Required action: Please repeat the whole listing exactly, but leave out any picture it holds.

Material provided:
────────────────────

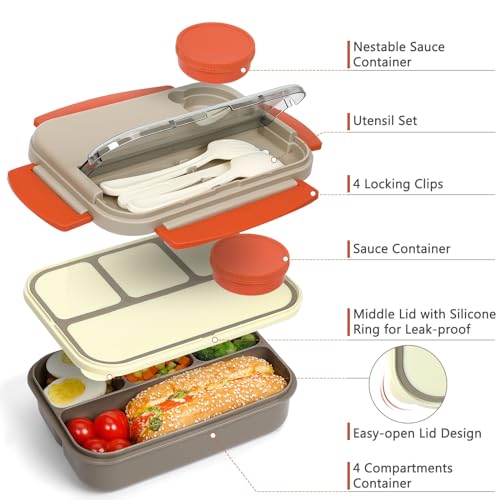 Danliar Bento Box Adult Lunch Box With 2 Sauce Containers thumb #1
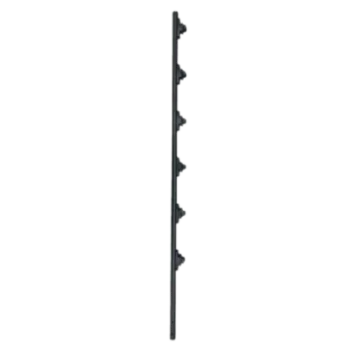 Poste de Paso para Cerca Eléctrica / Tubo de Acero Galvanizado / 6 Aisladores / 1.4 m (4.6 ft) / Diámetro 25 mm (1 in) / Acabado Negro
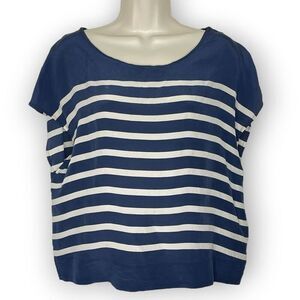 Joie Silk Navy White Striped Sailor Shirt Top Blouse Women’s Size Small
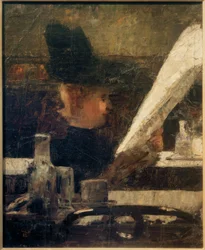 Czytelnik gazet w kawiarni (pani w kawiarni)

────────────────────

Answer section:
 Danliar Bento Box Adult Lunch Box With 2 Sauce Containers thumb #1
 Poste de Paso para Cerca Eléctrica / Tubo de Acero Galvanizado / 6 Aisladores / 1.4 m (4.6 ft) / Diámetro 25 mm (1 in) / Acabado Negro
 Joie Silk Navy White Striped Sailor Shirt Top Blouse Women’s Size Small
 Czytelnik gazet w kawiarni (pani w kawiarni)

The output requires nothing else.